Awesome guest submission from @holmes168 who used the recent Deep Dive Pods as an inspiration to take on Hockey modeling and decided to share in his experience… great tips for those of you just diving into handicapping using analytics!

Hockey_1.jpg

ONE PERSON’S JOURNEY BUILDING A SPORTS BETTING MODEL

What is my definition of a sports betting model?  My characterization of a model is a formal breakdown of statistics resulting in a prediction on the outcome of a sporting event.  I want to clarify my description of modeling because the gambling universe has multiple interpretations of most everything.  Furthermore, I want to ensure the audience understands- I am not a computer programmer, do not utilize R or Python, but can utilize Microsoft Excel and Google.  In other words- I am your average guy with a family and job who takes sports and sports betting seriously.  Recently, I have undergone a months long process building an NHL model that shows promise, but is still in the development phase.  I would like to share with you my journey building a sports betting model in the hopes that it can shed light on the process and you will see that a model (hopefully a winning model) can be built by anyone in the sports betting community willing to work hard.
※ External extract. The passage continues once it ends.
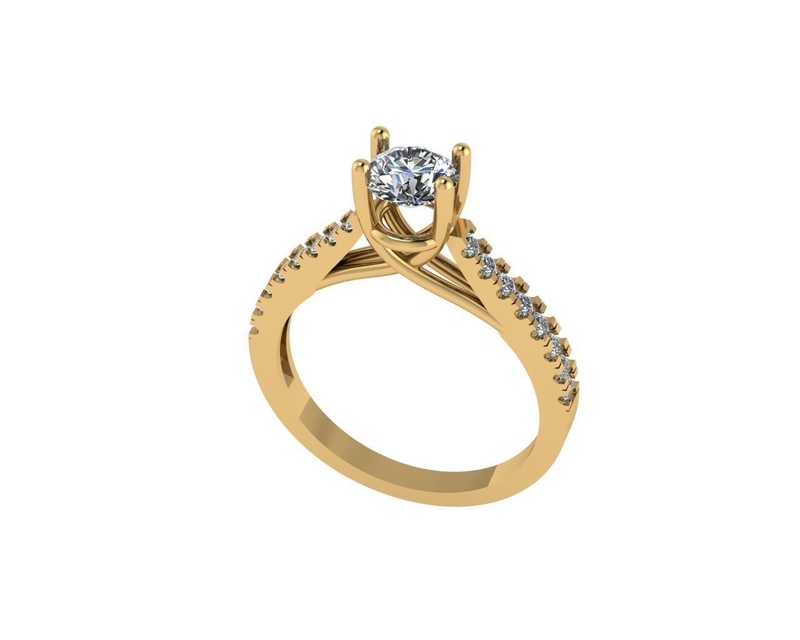 Women diamond ring 3d render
 My sports wagering started last year after a discussion between Texas and TCU alumni about their upcoming game in the 2018 college football season.  Even though I currently live in Fort Worth- I didn’t care who won- my goal was to add fuel to their argument.  Everyone knows how heated college football debates can get and by the end of the day, I had opened an offshore account and placed a $50 wager on the Horned Frogs at -4.  After all EVERYONE knew TCU was better and Texas was not back.

I watched the line move down from TCU at -4 to -1 and a quick search of game results shows my afternoon did not go well.  My guaranteed $45 payday never came in and I was done sports betting after the Frogs were dominated on the gridiron.  Except, I knew the next day, the Eagles would beat the Colts handily and the Jags would not lose to Tennessee.  The easiest way to make my money back and earn a profit was a two game NFL Money Line parlay.  I sweated out the Eagles 20-16 win, but was shocked when the Titans beat Jacksonville.  Now- I was $100 in the hole after two days.  No worries- I had another easy win coming up, so I tossed all my remaining monthly allowance on the Cowboys/Seahawks Under 40, which thankfully came through.  I immediately realized continuing to put my hard earned cash into the sports wagering world without a plan was foolhardy. 
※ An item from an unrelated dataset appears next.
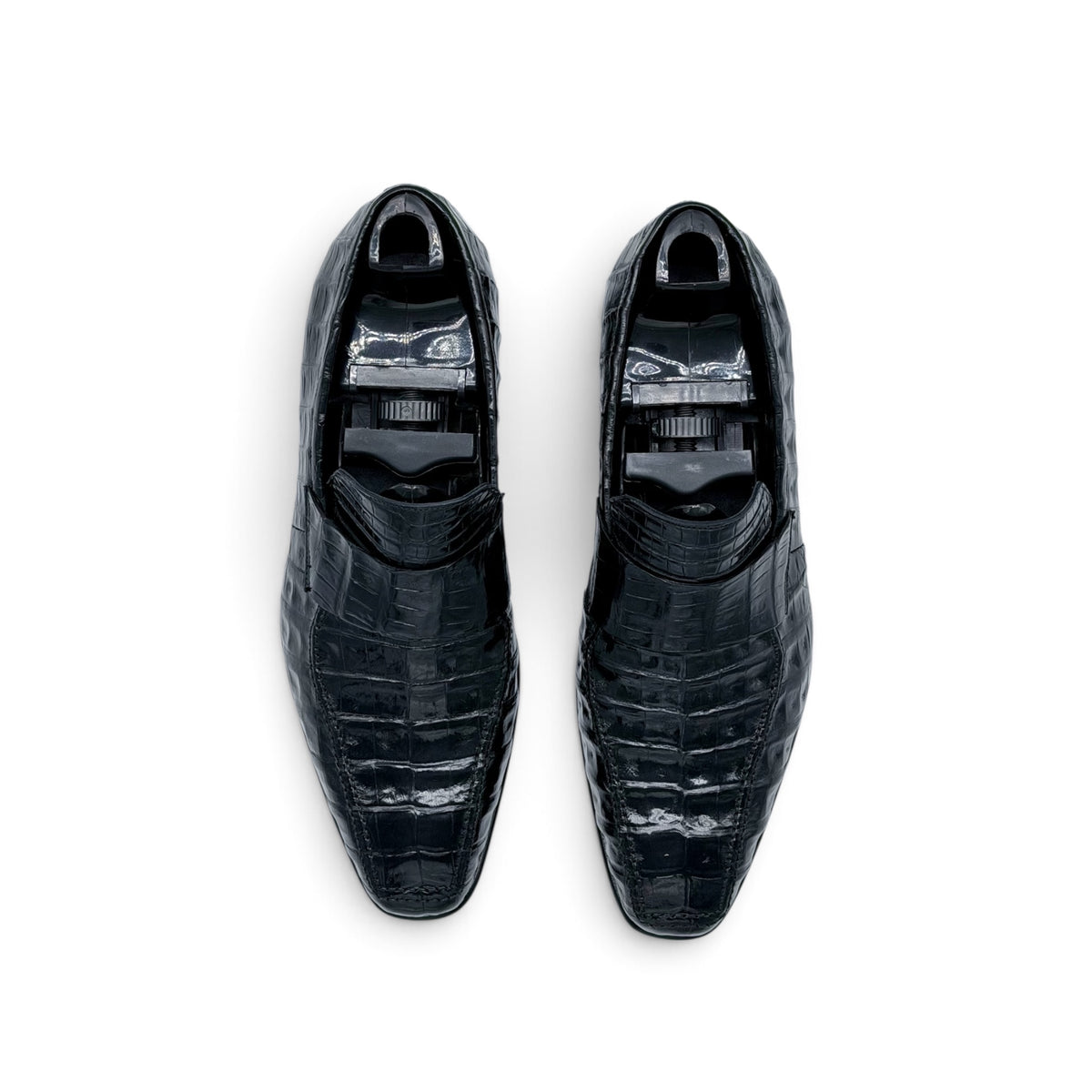 Mocassin Roberto Celk en cuir de crocodile noir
I started cobbling together basic college football models, which generated a score, leading to a slight edge over betting my gut.  The model was done in excel and averaged pass yards, rush yards, and scoring.  I compared my expected score to the spread and if I felt there was an edge, I’d bet the game. The model did well enough I survived the college football season and did well in Bowl games.  However, I knew there was more data to exploit and a more systematic way to gain an edge.  I know more about hockey than hoops, so I decided to develop a model to quantify my edge in the NHL.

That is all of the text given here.